A human manager cannot afford to be aware of fine-grained conditions (and most people's sense of privacy and self-sufficiency would be violated by such). Even a human 'executive assistant' would not be able to properly support a worker at the granularity that a computer could (and being impersonal, a worker might not have as much concern about privacy--if only the computer knows--or dependence/competence; on the other hand, being corrected by an idiot computer can be more painful/frustrating than being corrected by a semi-competent human being).

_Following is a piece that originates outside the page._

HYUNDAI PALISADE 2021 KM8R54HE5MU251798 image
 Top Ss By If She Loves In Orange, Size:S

In the article, Andy Glew also noted that the artificial size limit of ScanCards was inappropriate for a computer, but it seems to me that sizing can be a disciplining factor to push for concise presentation and might also be useful to present a visual hint of the nature of a note (size of a note and size of font can give clues about complexity, importance, etc.). It might be good to have a standard size note and use hypertext, elision/abbreviation (which can be conditionally unelided/expanded), and font shrinking to include more information.

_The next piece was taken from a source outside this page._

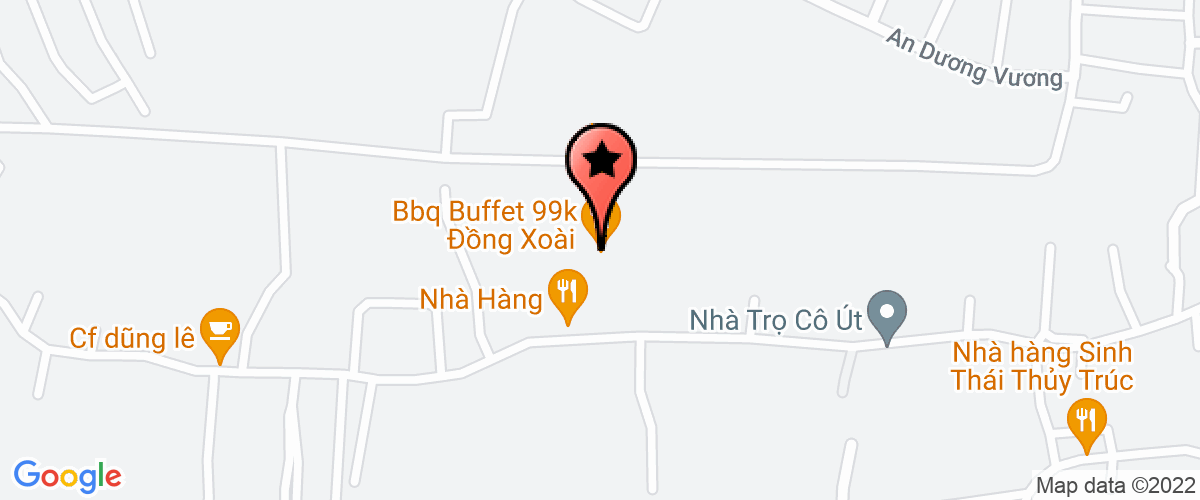 Map go to Thuy Tram Service Trading Company Limited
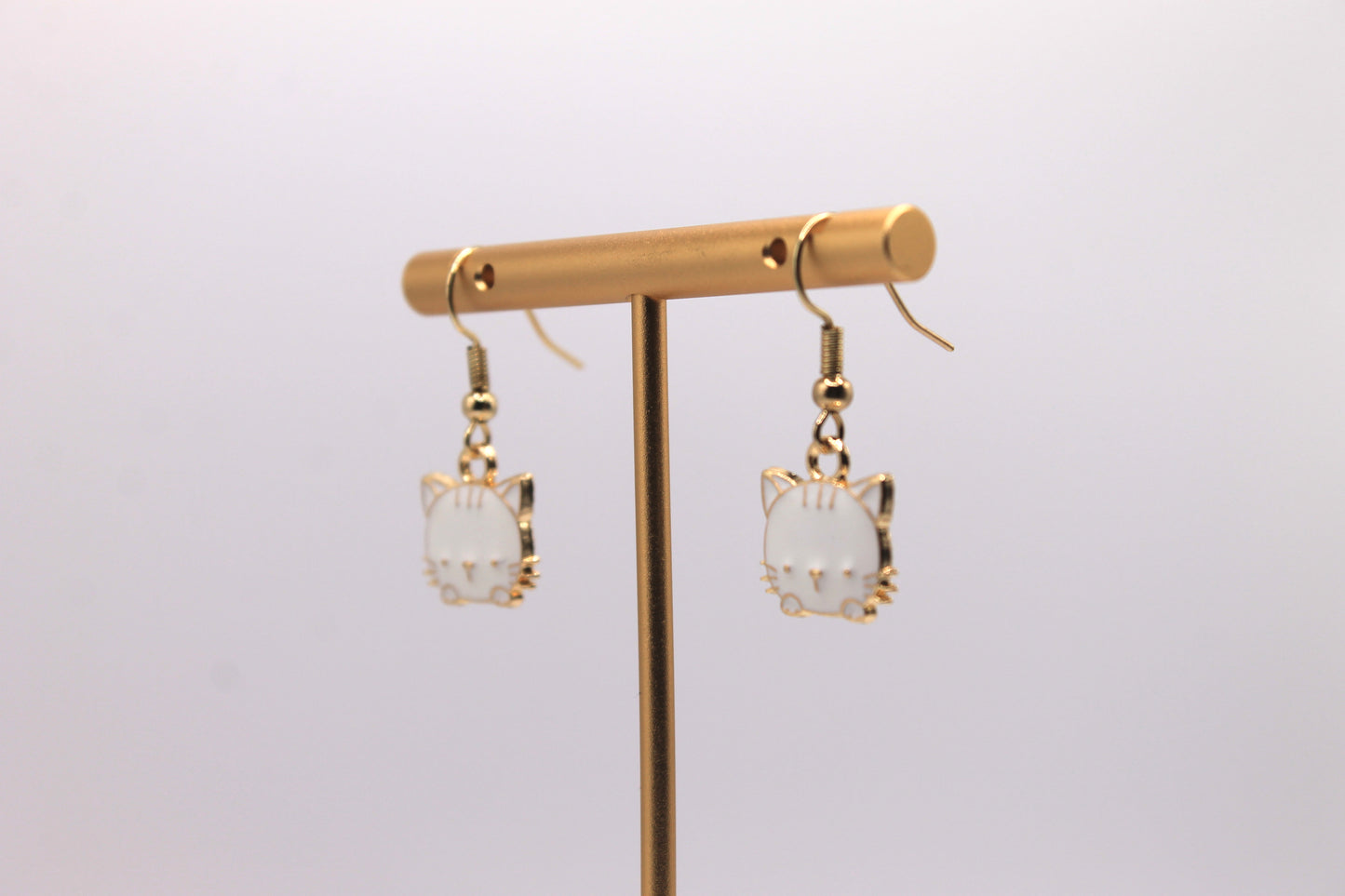Cat Earrings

I am not certain how to handle hypertext display. Endnotes can be frustrating because even with back navigation one can lose one's place in reading; even parenthetical expansion--where one would place a note mark in parentheses and an activation would expand/make visible the note--can interfere with visual orientation because the layout of a paragraph will change (vertical layout changes could be handled with a sidebar that changes color/shade/pattern based on semantic boundaries like sentence starts--interestingly, such a sidebar mechanism might be used to mark content density [side marks have been used to mark importance and other aspects of a text]; such would allow a reader to orient by the sidebar even if insertions moved text).

It is also frustrating that a single mechanism is used to provide notes of different kinds; notes can differ not only in length but also in tightness of the relevance--applies strictly to word, sentence, paragraph or ties to word, sentence, paragraph but applies more generally--, level of knowledge expressed in the note and expected of reader, nature of the note--e.g., a historical note like "this varies from version 2.3 . . ." differs from a warning note like "this is atomic not synchronized" or an explanatory note like "this is a variant of the Smith-Jones algorithm". Sometimes something like "tool tips" might be appropriate (like many browsers handle 'title' elements), possibly activated by a click/press-hold-and-gesture; sometimes a persistent frame--requiring explicit dismissal--might be used; sometimes an insertion into text might be appropriate. (Notes for a Shakespearean play or a poem by Alexander Pope might explain an archaic term or non-obvious allusion, a point of textual analysis, or a reminder of further information being available. Good versions tend to place the first type of note as side notes matched to the line--so they can be easily referenced without disrupting the flow of reading--and the middle kind as foot notes. The last kind of note might be best suited to an end note or be included in an opening or closing commentary.)

It does seem that a dynamic and intelligent display offers significant opportunities for improvement over paper-based information storage and presentation.